Could a giant solar array in the Sahara resolve our energy needs?
Renewable energy is an essential factor in Europe's goal of becoming the first carbon-neutral continent. The climate crisis and the soaring price of natural gas have placed renewed emphasis on the need to transition to a low-carbon energy system.
Europe is on its way: of the 2,664 TWh of electricity produced in Europe in 2020, 34% was provided by renewable sources. But while renewable energy is abundant, you still need to build the infrastructure to capture it.
To meet Europe's total energy demand with renewables alone would require a large number of infrastructure projects. Each of these would compete with other land uses, such as residential and industrial developments, agriculture and nature.
There is, however, a large empty space with ample amounts of renewable energy nearby: Africa's Sahara desert. Could one giant solar array there replace Europe's energy generation?
"If all the engineering, environmental and political challenges are fully addressed, then yes, sufficient energy can be generated in the Sahara using solar plants to cover a large fraction of the EU's current electricity demand," says Mahkamov, a professor of Mechanical and Construction Engineering at Northumbria University.

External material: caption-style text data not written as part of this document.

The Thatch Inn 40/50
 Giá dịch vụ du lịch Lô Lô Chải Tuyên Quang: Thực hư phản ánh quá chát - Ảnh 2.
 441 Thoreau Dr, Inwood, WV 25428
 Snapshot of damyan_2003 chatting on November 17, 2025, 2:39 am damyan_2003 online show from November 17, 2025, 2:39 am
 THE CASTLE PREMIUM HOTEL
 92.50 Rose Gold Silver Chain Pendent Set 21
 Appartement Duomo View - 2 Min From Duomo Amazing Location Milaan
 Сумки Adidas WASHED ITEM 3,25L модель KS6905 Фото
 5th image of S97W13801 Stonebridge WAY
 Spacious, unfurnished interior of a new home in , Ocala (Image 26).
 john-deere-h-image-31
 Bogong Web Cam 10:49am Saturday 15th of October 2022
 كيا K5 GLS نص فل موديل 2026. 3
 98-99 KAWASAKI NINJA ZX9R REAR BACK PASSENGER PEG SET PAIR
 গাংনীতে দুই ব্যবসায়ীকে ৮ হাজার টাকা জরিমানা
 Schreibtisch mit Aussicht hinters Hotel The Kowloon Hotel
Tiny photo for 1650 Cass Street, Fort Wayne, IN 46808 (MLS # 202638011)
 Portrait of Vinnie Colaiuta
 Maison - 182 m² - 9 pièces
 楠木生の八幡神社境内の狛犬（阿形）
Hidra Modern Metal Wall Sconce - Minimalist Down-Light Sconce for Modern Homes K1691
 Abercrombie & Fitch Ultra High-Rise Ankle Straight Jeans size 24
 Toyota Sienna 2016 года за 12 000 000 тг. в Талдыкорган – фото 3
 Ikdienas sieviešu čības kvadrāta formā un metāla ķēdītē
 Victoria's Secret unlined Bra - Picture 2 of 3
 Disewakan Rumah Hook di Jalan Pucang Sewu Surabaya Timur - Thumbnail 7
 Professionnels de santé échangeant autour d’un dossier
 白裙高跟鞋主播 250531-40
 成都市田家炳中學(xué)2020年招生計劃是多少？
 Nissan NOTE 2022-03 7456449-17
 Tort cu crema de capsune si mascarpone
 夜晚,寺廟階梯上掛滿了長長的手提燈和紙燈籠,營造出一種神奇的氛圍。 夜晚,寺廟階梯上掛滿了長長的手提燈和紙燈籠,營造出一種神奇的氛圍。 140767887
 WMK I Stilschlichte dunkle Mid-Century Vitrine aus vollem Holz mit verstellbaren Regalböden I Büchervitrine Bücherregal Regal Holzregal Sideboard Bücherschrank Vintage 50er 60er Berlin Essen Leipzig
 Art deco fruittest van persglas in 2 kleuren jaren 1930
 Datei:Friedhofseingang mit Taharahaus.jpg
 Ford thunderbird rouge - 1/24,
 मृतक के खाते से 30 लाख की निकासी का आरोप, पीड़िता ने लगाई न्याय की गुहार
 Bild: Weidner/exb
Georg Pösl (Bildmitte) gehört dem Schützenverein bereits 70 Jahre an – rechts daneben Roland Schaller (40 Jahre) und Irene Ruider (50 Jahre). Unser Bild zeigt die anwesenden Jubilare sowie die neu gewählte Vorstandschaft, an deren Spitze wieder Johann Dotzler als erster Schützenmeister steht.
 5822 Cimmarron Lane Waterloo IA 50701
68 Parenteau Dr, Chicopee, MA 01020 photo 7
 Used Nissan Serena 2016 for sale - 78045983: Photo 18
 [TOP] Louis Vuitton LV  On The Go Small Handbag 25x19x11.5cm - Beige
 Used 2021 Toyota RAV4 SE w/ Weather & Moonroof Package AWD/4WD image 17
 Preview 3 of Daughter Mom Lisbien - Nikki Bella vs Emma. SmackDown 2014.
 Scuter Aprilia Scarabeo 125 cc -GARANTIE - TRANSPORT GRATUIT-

"Considering that the total area of the Sahara is estimated to be around 9.3 million km2, and that it has an average insolation of 263 W/m2, and taking into account the current level of development and efficiency of today's solar power technologies, then yes, the Sahara desert does present a huge potential for generating similar quantities of electricity, although with seasonal fluctuations," he explains.
But the devil's in the detail.
Sun, sand and solar power
According to Mahkamov, before we can build a giant solar array in the Sahara, we must first research the long-term environmental and social impacts that covering such a vast area with photovoltaics would have.
Then, there's the issue of installing a large, critical infrastructure in such a remote and oftentimes harsh environment. A Sahara solar installation would also likely face a number of maintenance problems related to the detrimental effect of ongoing sandstorms and the continuous movement of sand across the desert.
Furthermore, unlike the solar panels installed on a roof, solar megaplants have a range of unique requirements. "The conversion technologies must be diversified, and the deployment of a combination of different technologies is also needed to achieve robustness in energy production and full utilization of an intermittent solar irradiation spectrum," adds Mahkamov.
Another issue that cannot be ignored is that building a mega solar installation in the Sahara would still leave Europe wholly dependent on foreign energy imports, and vulnerable to all the problems that come with such dependence.
The advantage of starting small
Mahkamov says the focus should be on expanding the solar infrastructure right here in Europe—a process that can start by installing solar plants in the vicinity of our own homes.
As part of the Innova MicroSolar project, a consortium led by Mahkamov developed a high-performance, cost-effective concentrating solar power system for small-scale, on-site electricity and heat generation. Instead of one giant array, imagine thousands of much smaller ones.
"The system has the potential to provide the highest energy savings in southern EU countries, covering all electricity demand in some," he concludes. "When used in a single-family dwelling, it reduces CO2 emissions by 70 to 95% in southern locations, and about 30% on average in other countries."